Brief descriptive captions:
________________________

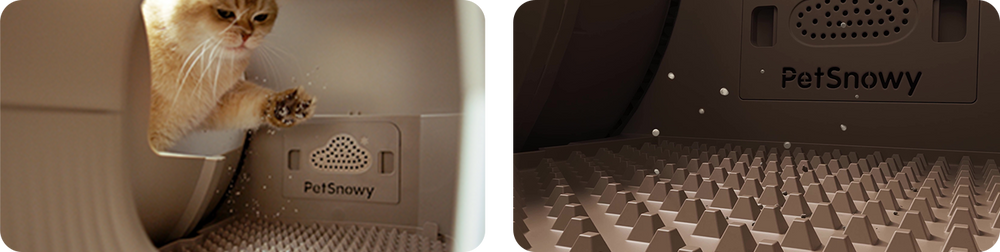 cat shaking litter off its paws onto mat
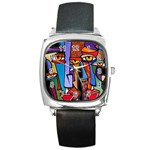 Art Painting Pop Design Stars Square Metal Watch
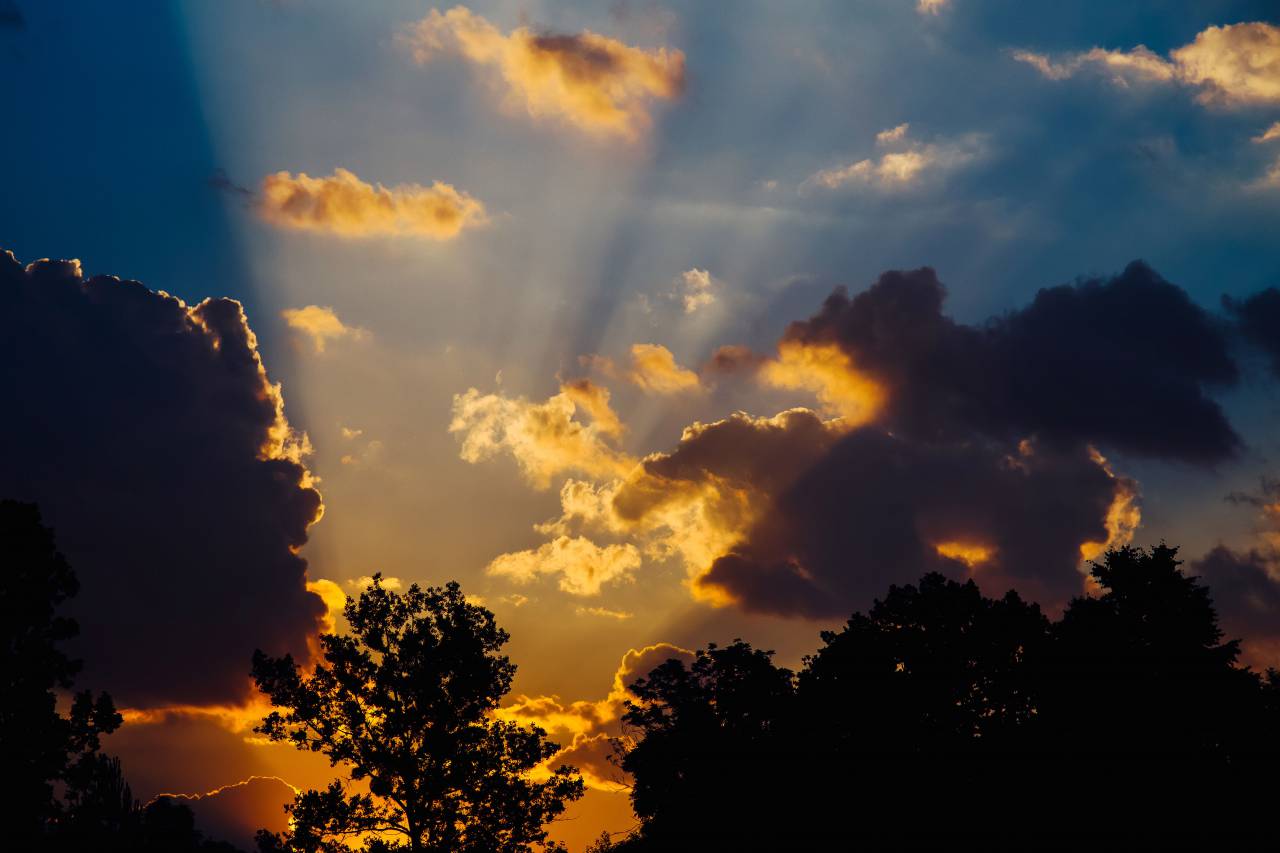 sun rays, sunset, dusk, clouds, sky, silhouette, shadow, nature, trees
, 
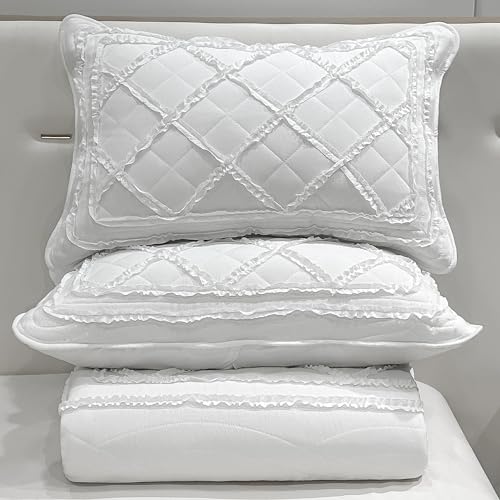 Boho Chic Queen Size Ruffle Patchwork Quilt Set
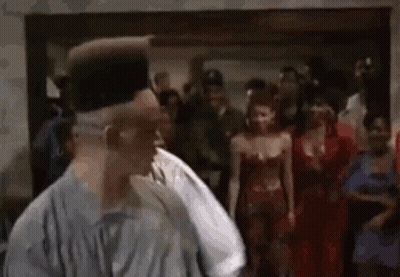 Man With Big Afro Dancing In Crowd GIF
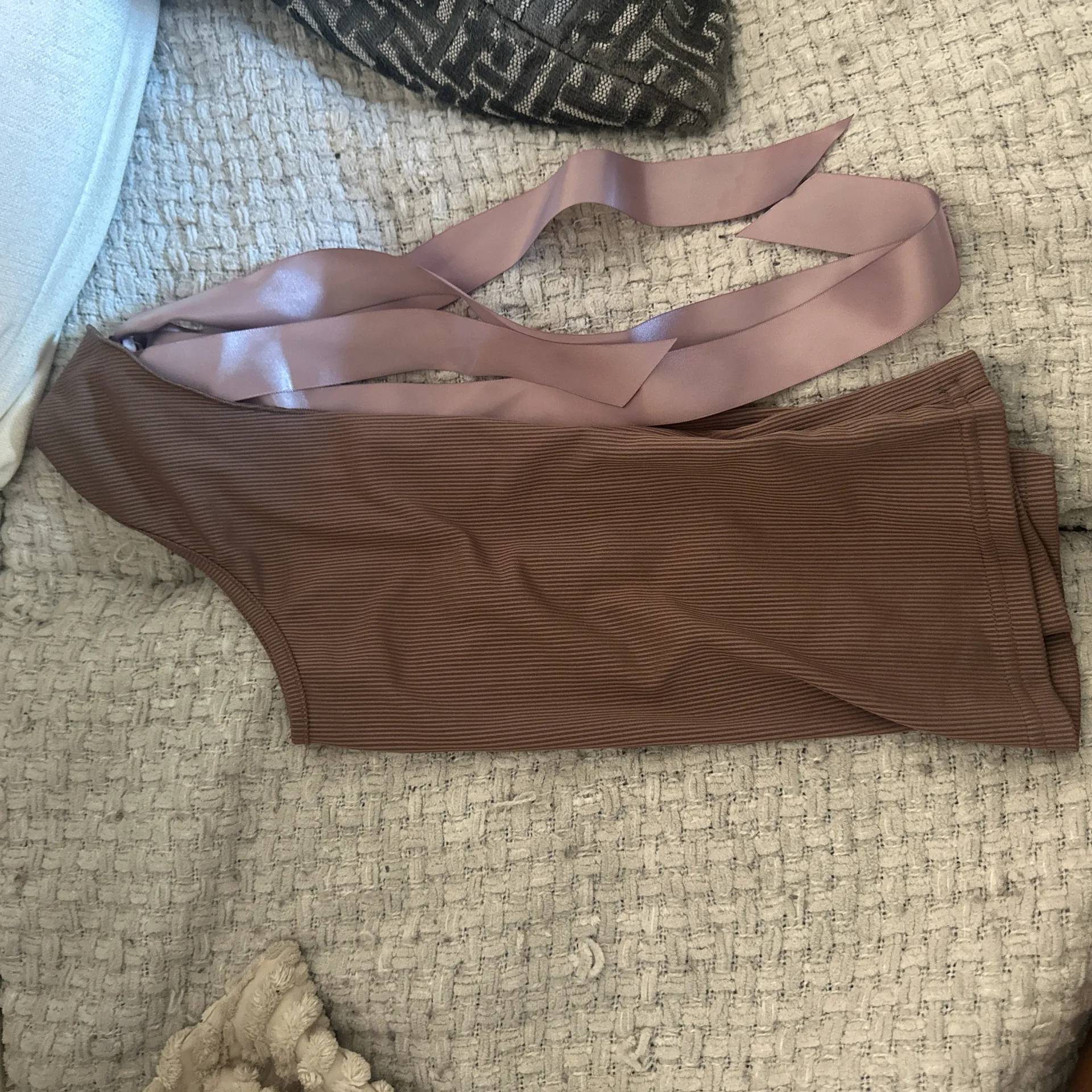 Brown coquette ribbon ribbed tank top  - Image 2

________________________

— Exercise details —
From the line with "shadow, nature, trees" to the last line above, restate each line word for word, but skip the pictures.

— Reply to the task —
 sun rays, sunset, dusk, clouds, sky, silhouette, shadow, nature, trees
, 
 Boho Chic Queen Size Ruffle Patchwork Quilt Set
 Man With Big Afro Dancing In Crowd GIF
 Brown coquette ribbon ribbed tank top  - Image 2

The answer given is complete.